O relato breve e enigmático de Enoque na Bíblia há muito fascina judeus e cristãos, deixando-os profundamente curiosos sobre sua vida e, ainda mais, sobre seu destino misterioso. O Livro de Gênesis apresenta Enoque com uma brevidade surpreendente, oferecendo poucos detalhes sobre quem ele era ou por que foi levado por Deus (Gênesis 5:21-24). Essa escassez de informações só alimentou séculos de especulação, inspirando uma riqueza de tradições extra-bíblicas que tentam preencher as lacunas.
Vários textos antigos—escritos muito depois da Bíblia—apresentam relatos diversos e muitas vezes elaborados sobre o papel de Enoque, sua partida extraordinária da terra e sua importância duradoura no pós-vida. Esses escritos, surgidos de diferentes tradições culturais e teológicas, expandem a narrativa bíblica de maneiras imaginativas.
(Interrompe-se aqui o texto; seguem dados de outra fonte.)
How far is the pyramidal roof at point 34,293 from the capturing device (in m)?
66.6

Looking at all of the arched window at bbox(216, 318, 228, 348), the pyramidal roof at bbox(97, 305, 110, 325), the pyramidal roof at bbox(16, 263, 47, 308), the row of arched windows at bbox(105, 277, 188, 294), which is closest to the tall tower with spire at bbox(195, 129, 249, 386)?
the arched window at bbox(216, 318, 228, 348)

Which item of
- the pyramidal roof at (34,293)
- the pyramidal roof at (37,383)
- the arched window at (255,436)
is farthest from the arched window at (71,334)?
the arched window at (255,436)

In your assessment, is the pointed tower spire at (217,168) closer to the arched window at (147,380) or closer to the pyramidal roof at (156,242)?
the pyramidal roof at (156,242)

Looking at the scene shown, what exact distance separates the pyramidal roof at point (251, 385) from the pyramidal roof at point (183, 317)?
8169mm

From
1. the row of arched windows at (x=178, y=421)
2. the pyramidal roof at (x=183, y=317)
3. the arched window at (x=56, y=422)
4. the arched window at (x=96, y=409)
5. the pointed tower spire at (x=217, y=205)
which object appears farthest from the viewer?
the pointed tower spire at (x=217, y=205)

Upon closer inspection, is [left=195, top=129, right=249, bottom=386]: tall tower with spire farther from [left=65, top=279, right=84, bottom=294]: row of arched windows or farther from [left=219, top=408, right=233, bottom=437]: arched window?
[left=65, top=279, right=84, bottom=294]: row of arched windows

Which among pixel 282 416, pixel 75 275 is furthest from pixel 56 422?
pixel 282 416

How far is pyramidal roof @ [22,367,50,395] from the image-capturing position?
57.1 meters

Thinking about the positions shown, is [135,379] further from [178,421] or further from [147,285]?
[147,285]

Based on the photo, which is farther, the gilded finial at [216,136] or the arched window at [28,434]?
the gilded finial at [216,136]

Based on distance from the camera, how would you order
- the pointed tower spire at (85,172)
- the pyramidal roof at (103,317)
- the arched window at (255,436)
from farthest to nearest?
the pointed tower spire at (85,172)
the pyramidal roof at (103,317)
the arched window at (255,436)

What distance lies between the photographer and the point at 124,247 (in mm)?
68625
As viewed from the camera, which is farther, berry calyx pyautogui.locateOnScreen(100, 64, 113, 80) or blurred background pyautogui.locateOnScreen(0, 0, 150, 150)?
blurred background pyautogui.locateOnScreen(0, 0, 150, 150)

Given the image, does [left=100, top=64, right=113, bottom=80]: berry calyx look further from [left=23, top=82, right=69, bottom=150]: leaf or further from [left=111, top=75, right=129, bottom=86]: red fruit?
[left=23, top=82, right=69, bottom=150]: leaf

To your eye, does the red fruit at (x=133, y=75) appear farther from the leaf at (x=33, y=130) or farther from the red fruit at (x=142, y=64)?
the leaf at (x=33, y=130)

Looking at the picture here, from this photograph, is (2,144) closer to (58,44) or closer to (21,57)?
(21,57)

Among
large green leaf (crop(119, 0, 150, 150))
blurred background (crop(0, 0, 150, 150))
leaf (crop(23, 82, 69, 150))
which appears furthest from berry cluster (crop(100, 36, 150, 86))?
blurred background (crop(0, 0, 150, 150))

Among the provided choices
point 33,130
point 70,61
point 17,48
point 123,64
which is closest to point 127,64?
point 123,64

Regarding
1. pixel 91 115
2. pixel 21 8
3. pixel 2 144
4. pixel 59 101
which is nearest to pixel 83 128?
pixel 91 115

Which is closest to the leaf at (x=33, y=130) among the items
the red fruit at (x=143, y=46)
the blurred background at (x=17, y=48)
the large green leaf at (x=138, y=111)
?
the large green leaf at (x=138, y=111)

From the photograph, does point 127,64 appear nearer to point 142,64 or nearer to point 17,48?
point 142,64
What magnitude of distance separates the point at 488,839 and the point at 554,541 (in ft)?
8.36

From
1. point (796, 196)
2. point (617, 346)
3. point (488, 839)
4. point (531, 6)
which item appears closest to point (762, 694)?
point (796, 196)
No entanto, como foram compostos muitos séculos depois da redação do Livro de Gênesis (que já estava distante dos eventos originais envolvendo Enoque), suas afirmações permanecem especulativas, adicionando camadas de intriga (não necessariamente conhecimento adicional) a uma figura já enigmática.
Entendendo os Pseudepígrafos
Como este artigo explora fontes que afirmam ter conhecimento bíblico adicional sobre o destino de Enoque, é essencial entender o que são esses textos e quando provavelmente foram escritos.
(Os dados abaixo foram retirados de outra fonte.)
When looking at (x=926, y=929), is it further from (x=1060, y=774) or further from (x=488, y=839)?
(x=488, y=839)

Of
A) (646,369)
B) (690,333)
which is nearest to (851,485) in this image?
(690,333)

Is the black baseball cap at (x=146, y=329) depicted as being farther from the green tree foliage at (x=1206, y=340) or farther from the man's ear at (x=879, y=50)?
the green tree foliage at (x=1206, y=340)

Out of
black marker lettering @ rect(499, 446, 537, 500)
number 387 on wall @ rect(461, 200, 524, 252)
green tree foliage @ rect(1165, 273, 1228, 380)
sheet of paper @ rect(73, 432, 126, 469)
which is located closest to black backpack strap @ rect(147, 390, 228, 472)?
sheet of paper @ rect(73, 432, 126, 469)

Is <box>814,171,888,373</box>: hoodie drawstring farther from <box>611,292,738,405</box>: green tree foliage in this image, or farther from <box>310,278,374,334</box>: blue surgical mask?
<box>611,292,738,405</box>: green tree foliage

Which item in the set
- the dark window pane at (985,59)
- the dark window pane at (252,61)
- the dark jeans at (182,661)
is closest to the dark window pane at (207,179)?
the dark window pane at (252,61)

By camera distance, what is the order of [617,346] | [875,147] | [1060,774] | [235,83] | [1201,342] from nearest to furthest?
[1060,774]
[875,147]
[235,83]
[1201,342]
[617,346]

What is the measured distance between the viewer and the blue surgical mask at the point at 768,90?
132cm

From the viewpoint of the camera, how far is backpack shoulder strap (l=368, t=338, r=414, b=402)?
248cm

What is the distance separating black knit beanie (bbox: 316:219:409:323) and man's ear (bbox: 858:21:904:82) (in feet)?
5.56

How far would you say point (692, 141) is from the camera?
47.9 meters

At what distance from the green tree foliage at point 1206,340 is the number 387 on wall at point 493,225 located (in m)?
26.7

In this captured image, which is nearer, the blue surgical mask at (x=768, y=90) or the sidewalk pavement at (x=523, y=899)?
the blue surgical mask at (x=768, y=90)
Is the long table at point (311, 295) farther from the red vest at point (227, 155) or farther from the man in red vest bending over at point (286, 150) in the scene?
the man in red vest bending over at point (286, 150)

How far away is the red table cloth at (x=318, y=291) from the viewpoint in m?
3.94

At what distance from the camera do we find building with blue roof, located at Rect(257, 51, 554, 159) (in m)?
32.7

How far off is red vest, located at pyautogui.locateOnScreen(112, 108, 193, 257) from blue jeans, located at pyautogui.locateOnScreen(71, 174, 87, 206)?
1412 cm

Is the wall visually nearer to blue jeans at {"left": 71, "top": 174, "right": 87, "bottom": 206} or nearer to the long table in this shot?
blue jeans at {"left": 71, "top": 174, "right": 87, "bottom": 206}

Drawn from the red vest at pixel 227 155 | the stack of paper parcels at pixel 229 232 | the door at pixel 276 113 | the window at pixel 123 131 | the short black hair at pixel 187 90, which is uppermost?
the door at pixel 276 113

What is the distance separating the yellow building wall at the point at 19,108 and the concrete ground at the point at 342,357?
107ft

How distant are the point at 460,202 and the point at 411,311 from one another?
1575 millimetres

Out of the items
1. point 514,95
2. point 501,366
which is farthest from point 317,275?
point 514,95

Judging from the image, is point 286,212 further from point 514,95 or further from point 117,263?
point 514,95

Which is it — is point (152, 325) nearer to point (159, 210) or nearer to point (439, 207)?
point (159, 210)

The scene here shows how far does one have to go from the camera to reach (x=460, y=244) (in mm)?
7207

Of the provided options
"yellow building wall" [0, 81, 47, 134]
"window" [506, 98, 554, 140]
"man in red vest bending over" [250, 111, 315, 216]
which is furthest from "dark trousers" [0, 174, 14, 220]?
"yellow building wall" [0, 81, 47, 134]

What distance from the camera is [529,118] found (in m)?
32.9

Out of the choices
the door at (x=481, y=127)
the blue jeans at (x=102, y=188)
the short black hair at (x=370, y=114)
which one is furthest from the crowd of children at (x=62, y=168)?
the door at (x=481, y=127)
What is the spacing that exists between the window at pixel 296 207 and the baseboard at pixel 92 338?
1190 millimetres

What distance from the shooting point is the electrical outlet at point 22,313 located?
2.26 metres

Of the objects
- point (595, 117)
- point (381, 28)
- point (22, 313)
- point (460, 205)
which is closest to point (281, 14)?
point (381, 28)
É hora de introduzirmos um termo acadêmico importante—Pseudepígrafos (pronunciado suu-deh-pí-gra-fa). Os Pseudepígrafos são um gênero literário antigo que atribui textos a figuras conhecidas, como patriarcas, profetas ou apóstolos, que na verdade não os escreveram.
Leitores modernos podem ver o termo como fraude ou falsificação, mas esse julgamento é equivocado. Escritores e audiências antigas não viam a autoria da mesma forma que nós hoje. Atribuir um texto a uma figura reverenciada era muitas vezes uma forma de honrar a tradição, conectar novas ideias a uma autoridade estabelecida e situar um texto dentro de uma linhagem teológica específica. Em vez de engano, essa prática era uma forma de reverência—um meio de alinhar novas interpretações com a sabedoria do passado.
Entre os exemplos mais famosos de Pseudepígrafos estão os Livros de Enoque, que expandem dramaticamente a história da figura bíblica. Sem entender as convenções culturais e literárias da pseudepigrafia antiga, leitores modernos podem interpretar mal esses textos como se afirmassem ter sido realmente escritos pelos autores bíblicos. Em vez disso, devem ser vistos como comentários teológicos úteis de crentes antigos, que nos permitem uma rara oportunidade de espiar a janela das lutas teológicas dessas comunidades com os mesmos textos bíblicos com os quais lutamos hoje.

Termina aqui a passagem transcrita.